If you email us at email@example.com with your order information and a reference to this thread, I can see what we can do to help you out.
Thanks for the information. I’ll study the LC voltage spikes (thanks for the link).
For my education:
In addition to the physical observation of the chips/board, is there any other “simple” way to electronically determine that the chips/board is damaged? I understand that I may not be able to comprehend your answer and/or perform the diagnostics due to my lack of knowledge and/or equipment, but I am curious, if you have time.

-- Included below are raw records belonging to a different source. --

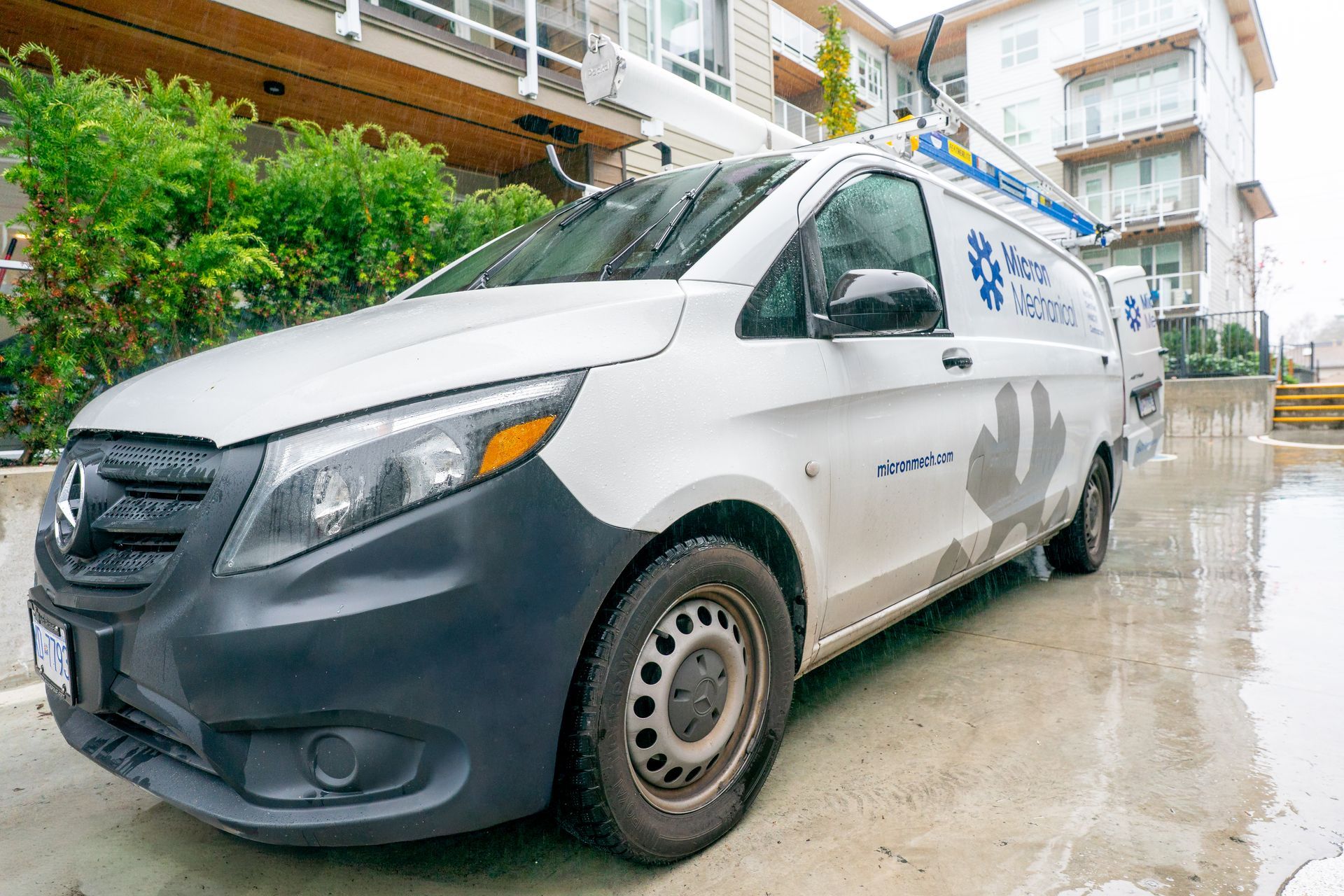 Air conditioner unit outside a brown house near a wooden deck and foliage.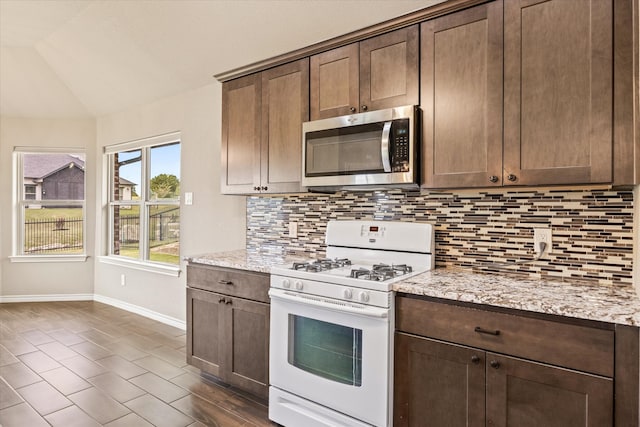 kitchen with lofted ceiling, light stone countertops, dark hardwood / wood-style floors, and white range with gas cooktop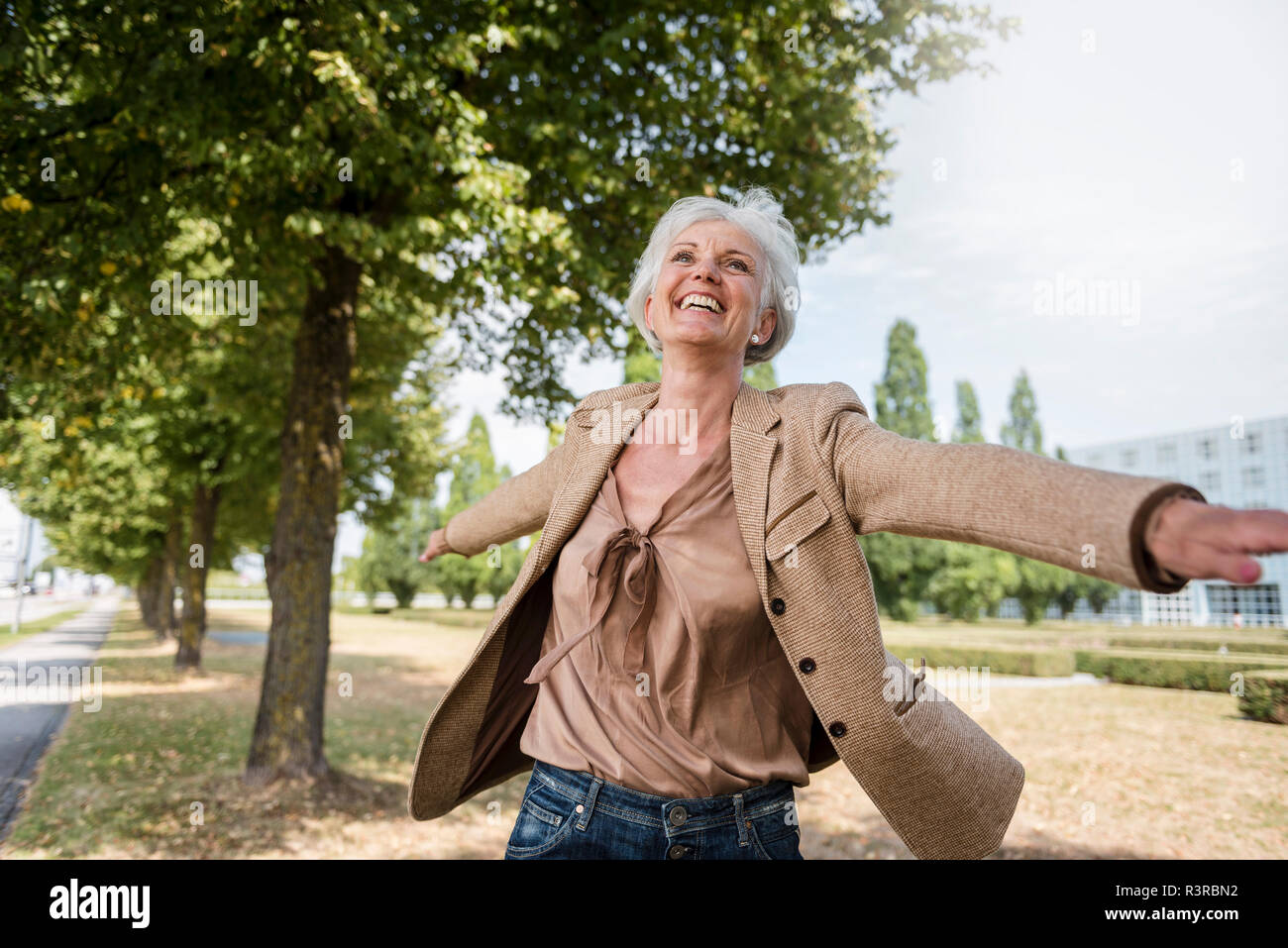 Happy senior woman with outstretched arms in a park Stock Photo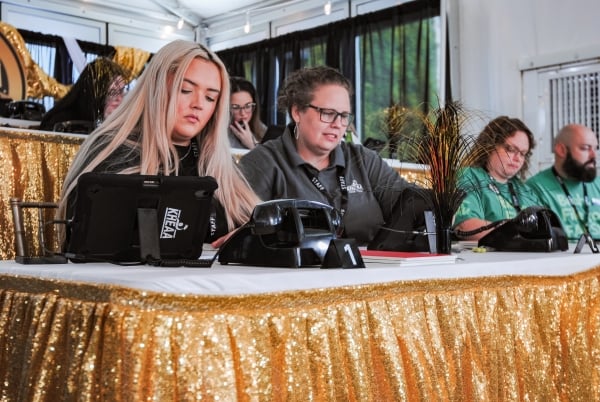 Women sit behind a table with gold cloth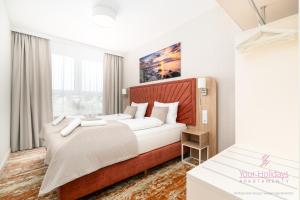 a bedroom with a large bed with a wooden headboard at Your Holidays Komfortowy Apartament Bel Mare 213 F, Parking Gratis in Międzyzdroje
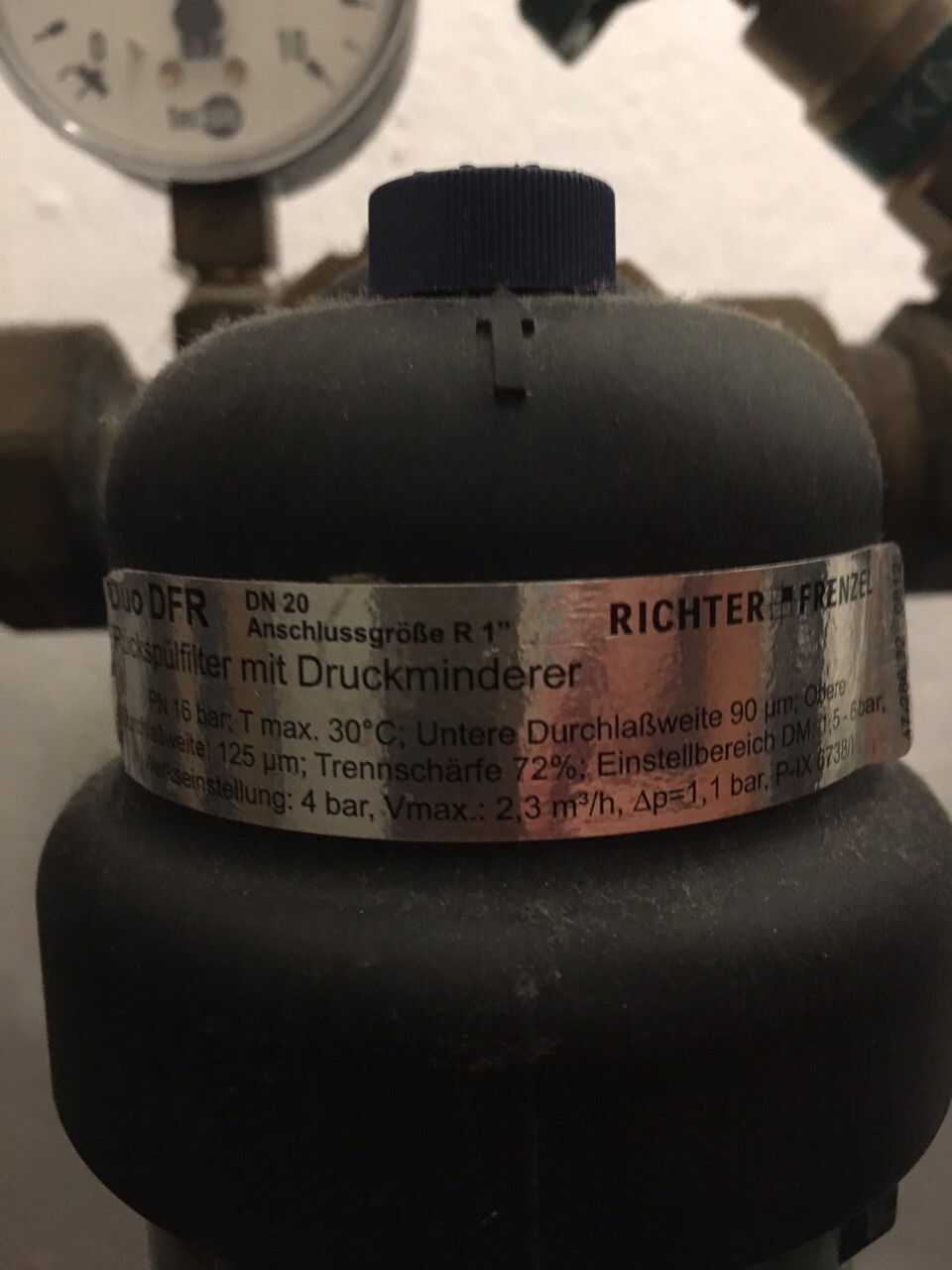 Close-up of a gas pressure regulator (pressure reducer) with metal band label; measurement display in background
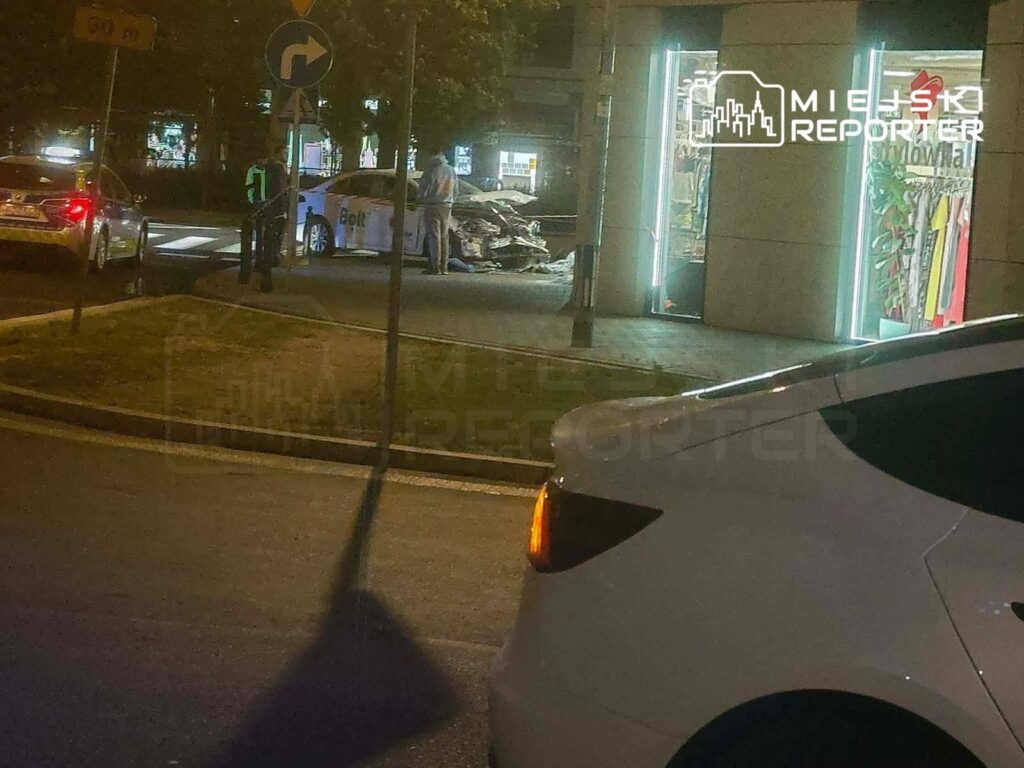 Policjant rozmawia z kierowcą samochodu osobowego na skrzyżowaniu, w tle widoczne sklepy z oświetleniem neonowym.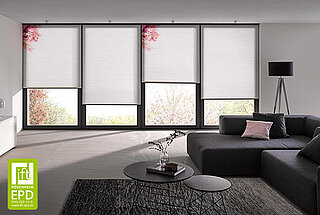 Modern eingerichtetes Wohnzimmer mit mehreren bodentiefen Fenstern, an denen weisse MHZ-DUETTE® Wabenplissees montiert sind.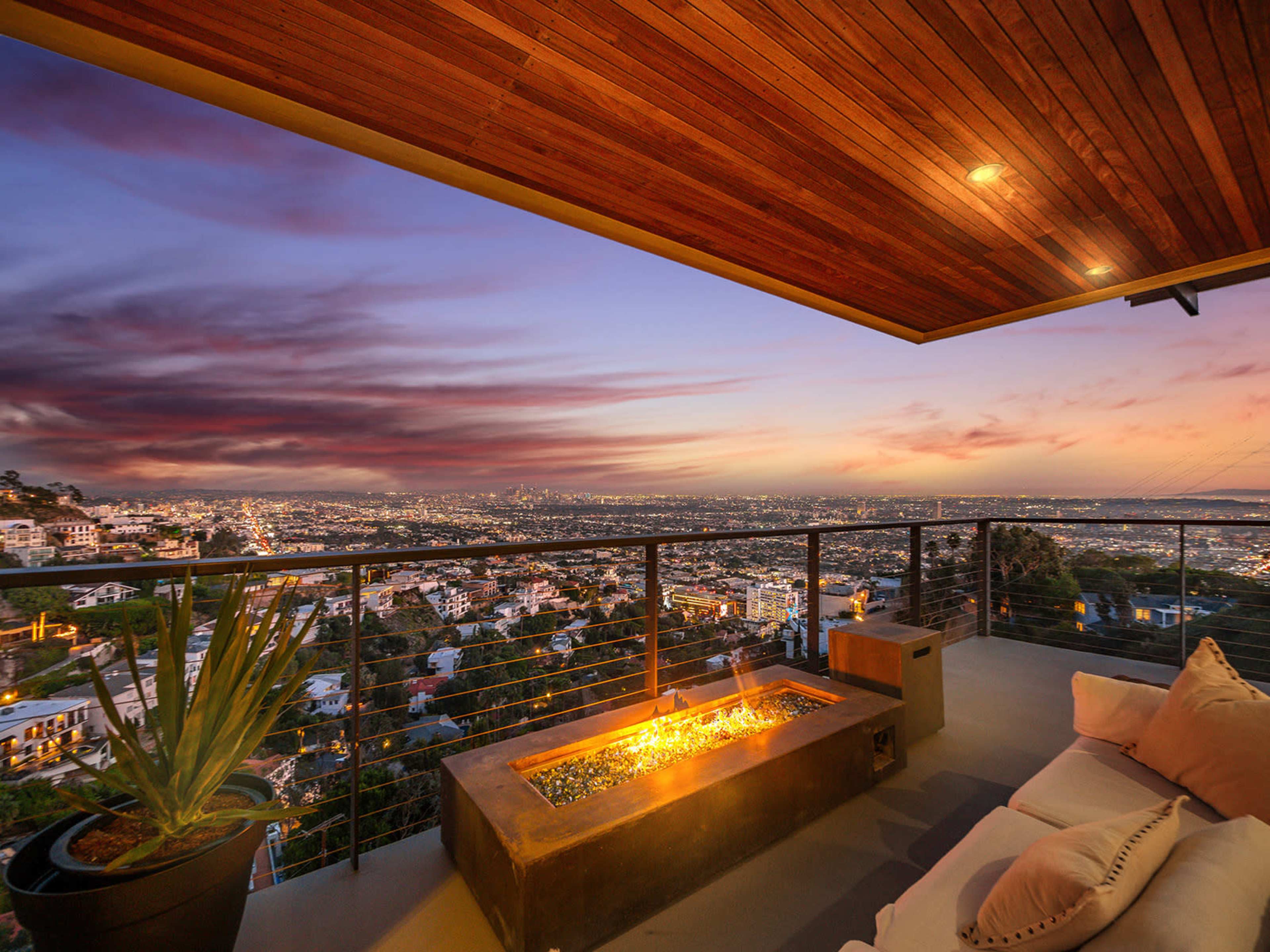 A modern balcony features a fire pit overlooking a city skyline at sunset, with expansive views of the illuminated buildings below.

Outside of what has been done in this thread there is probably not anything else that is simple that can be done to investigate. The motor driver carrier does not have much other hardware on it that can be used to determine if the problem is with the driver or not. Replacing the VNH2SP30 motor driver ICs could help identify if the issue is with the drivers, but that is not a perfect test, since there is some chance that other parts of the boards are also damaged or not working, too.